No tuve a Carlos de profesor, aunque sí a algunos compañeros suyos de promoción, pero siempre lo vi y lo respeté como  tal, quizás porque pertenecía a  esa  hornada que impartía una idea de la arquitectura tan técnica como artística y, sobre todo, artesanal. Para mí Carlos, albaceteño, será siempre de Madrid, de esa Escuela de Arquitectura de Madrid que es una patria, un portentoso taller de ideas, de intercambios, de mágicos descubrimientos a través del dibujo, de la materia, del quehacer de unos maestros -Aalto, La Corbusier, Mies, Wright…- cuyos  estudios o ”ateliers” no eran tan distintos a los de la Escuela o a los que te podías montar en tu casa, con grandes tableros de dibujo, un flexo, un tecnígrafo, unos lápices, unas plumas de tinta que mejoraban la diabólica dificultad de los tiralíneas…En aquella época la Arquitectura olía a goma de borrar, a pinceles de pelo de marta para el lavado, a pegamento para la madera de balsa de las maquetas….Ese olor se metía dentro,  con todas las inquietudes, dudas, excitaciones por los descubrimientos, era el olor de una curiosidad infinita, y ese olor era el carné del arquitecto.
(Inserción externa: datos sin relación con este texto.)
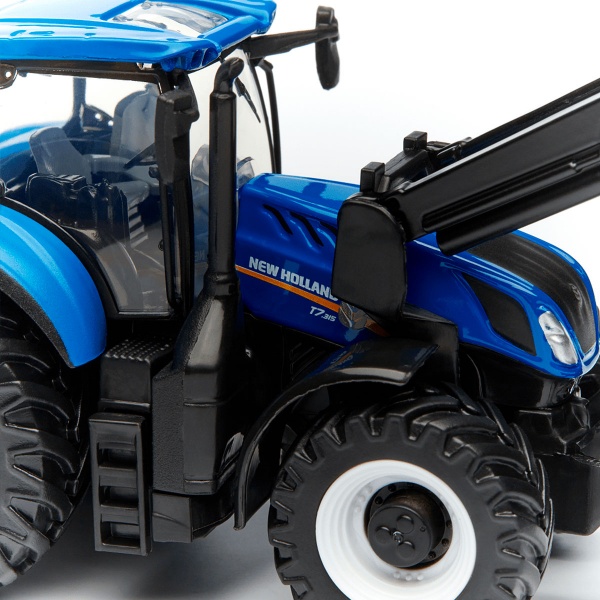 Автомодель Bburago Farm Трактор NEW HOLLAND T7.315 1:32 18-31632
Hoy día el ordenador trabaja a escala real; no hay margen para el error. Las técnicas infográficas expelen unas irreales perspectivas para vender realidades a clientes incautos y políticos en punto de ebullición orgásmica. Curioso diálogo de lo virtual con lo real. El descubrimiento de los sistemas digitales es portentoso, y los avances en la didáctica arquitectónica hubiesen sido considerados milagrosos hace solo veinte años. No se trata de estar a favor o en contra del dibujo digital, porque sería tan extravagante como volver a las diligencias o a la escritura con buril.  Pero los que no pertenecemos a la generación del Autocad y derivados nos reconocemos a la legua como una secta, y no precisamente por nuestra calvicie o nuestras canas. A Carlos lo reconozco por el honor que me hace al venir a todas mis conferencias, andando, desde su casa, cuando él sabe de todo más que yo, porque está rabiosamente al día de la arquitectura que se hace hoy, porque podemos hablar de literatura, de música, porque nos encontramos en las exposiciones que realmente merecen la pena, porque me acuerdo de él luchando a brazo partido por poner orden en el Plan General de Mijas según la Ley del Suelo de 1975, cuando desde las instancias oficiales se veía ya, premonitoriamente, la totalidad del suelo como un inagotable venero de plusvalías, porque proyectó a lápiz el Edificio Luz, el estupendo colegio Los Olivos, el expresionista edificio de La Colina, el sólido y callado trabajo para la Obra Sindical del Hogar, cuando la arquitectura respondía a unas necesidades perentorias, y no al pringoso onanismo de la burocracia administrativa….

Un Carlos algo cansado aguantó a pie firme una charla en familia hace poco sobre la génesis del edificio Pompidou, bajo el Cubo,  y poco después lo vi en  la conferencia del aniversario del OMAU sobre los últimos treinta años de urbanismo en Málaga. En ningún caso había representación de los estudiantes de Arquitectura. Otra moral, otra época, otros profesores y, por debajo, una hirsuta Málaga  que aún precisa ocultar su tufo  bajo una perfumada peluca institucional y académica. 
Admirado  Carlos Verdú,  arquitecto, héroe de esa cordura, esa normalidad discreta  emborronada por la bullanguera mediocridad de lo cotidiano.